Floods are among the most common — and deadly — natural disasters in the world. Every year, they’re responsible for tens of thousands of fatalities and hundreds of millions of displaced homeowners. And they’re extraordinarily costly — in the U.S. alone from 2005 to 2014, the average flood claim was $ 42,000, and total flood insurance claims averaged more than $ 3.5 billion per year.
Accurate flood forecasting is a desirable goal, needless to say; according to some studies, early warning systems can reduce deaths and economic damages by over a third. Fortunately, it’s one scientists continue to inch toward with the help of artificial intelligence (AI).
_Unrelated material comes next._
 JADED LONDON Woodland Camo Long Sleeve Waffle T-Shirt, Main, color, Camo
In a new paper (“ML for Flood Forecasting at Scale“) published on the preprint server Arxiv.org, researchers from Google, the Israel Institute of Technology, and Bar-Ilan University describe a machine learning system that accurately predicts riverine floods — that is, floods from overrun riverbanks.
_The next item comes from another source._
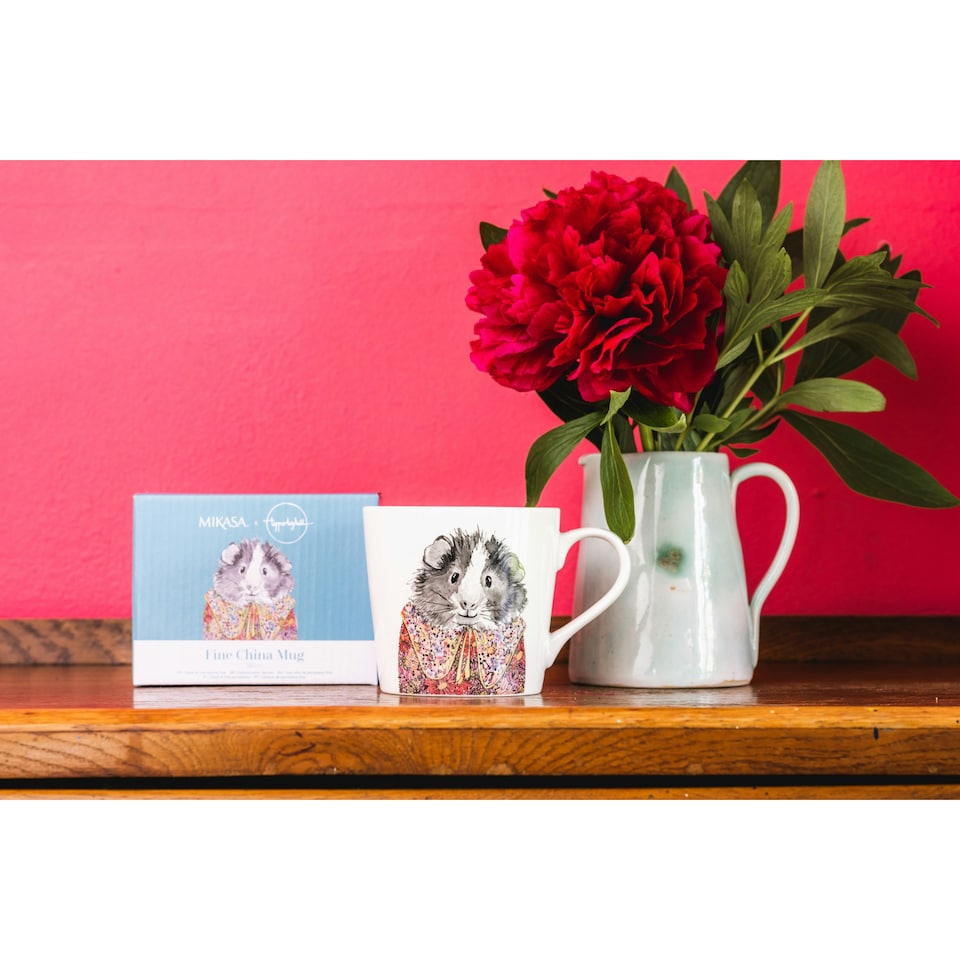 image 1 of Mikasa x Tipperleyhill Guinea Pig Print Porcelain Mug, 380ml | White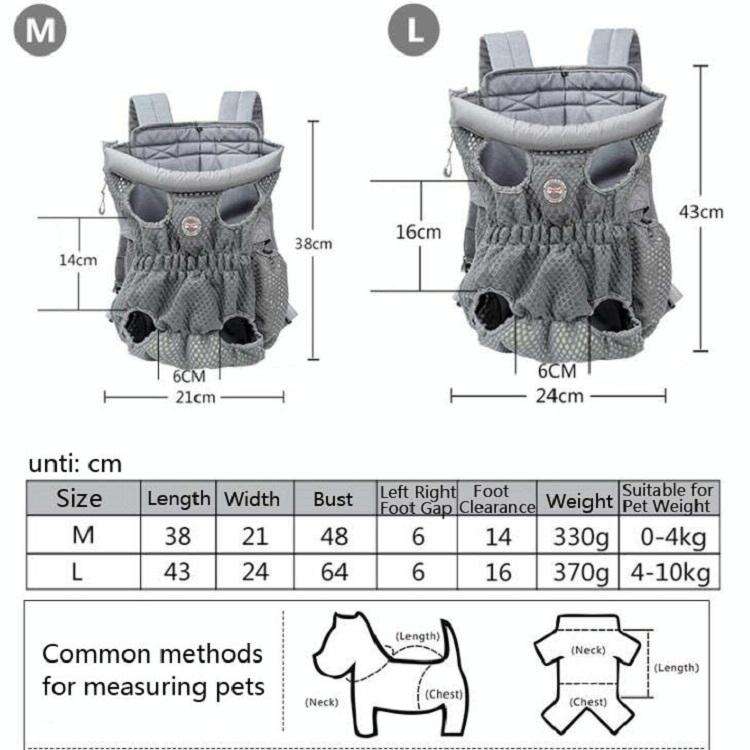 Doglemi Pet Outing Backpack Dog Shoulder Chest Bag Breathable Mesh Dog Cat Bag, Size:L(Pink Gray)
The study is a retrospective on Google’s work in Patna, India late last year, where the Mountain View company piloted a flood-predicting model in partnership with the Central Water Commission of India. And it builds on research published by Harvard and Google in August 2018, which described an AI model capable of predicting the location of aftershocks up to one year after a major earthquake, and by Facebook AI researchers in December, who developed a method to analyze satellite imagery and quantify damage from fires and other disasters.
“Effective riverine flood forecasting at scale is hindered by a multitude of factors, most notably the need to rely on human calibration in current methodology, the limited amount of data for a specific location, and the computational difficulty of building … models that are sufficiently accurate,” the team wrote. “Machine learning is primed to be useful in this scenario: learned models [frequently] surpass human experts in complex high-dimensional scenarios.”
As the paper notes, one of the biggest challenges in building a flood prediction model is parameter calibration, an optimization process aimed at matching the algorithm’s predictions to certain baseline measurements. The standard approach involves significant manual work, and often results in models that aren’t generalizable.
The researchers overcame a few of those barriers by drawing on real-time measurements and short-term forecasts of river water levels, from which their model generates an inundation map — a map that shows where flooding may occur over a range of water levels — estimating the extent of the predicted flood. They claim that, based on alerts produced for the 2018 monsoon season, the forecasts are accurate down to a resolution of 300 meters, with over 90 percent and 75 percent recall and precision, respectively.
“[Th]e physical processes [of floods] are relatively well understood for several decades now, and relatively little calibration [was] required,” the study’s authors wrote.
That said, it’s not a perfect model, owing to high computational costs from the physics-based simulations and inaccuracies due to erroneous inputs. But the team believes that machine learning techniques hold the key to improving predictions in future work, and that those techniques might one day be used to forecast events not simulated by physics-based models, such as snowmelt and river discharge.
One imagines that the fruits of those labors will eventually make their way into Google’s Google Public Alert program, which informs users of apps like Google Search, Maps, and Google News of ongoing or impending natural disasters such as hurricanes, volcanic eruptions, tsunamis, and earthquakes. Government agencies in the U.S., Australia, Canada, Colombia, Japan, Taiwan, Indonesia, Mexico, the Philippines, India, New Zealand, and Brazil currently participate.
“We believe ML can improve the quality of multiple components,” they said. “Toward making this possible, we are collecting, organizing and combining open data sets from different sources to make this problem more accessible for the ML community.”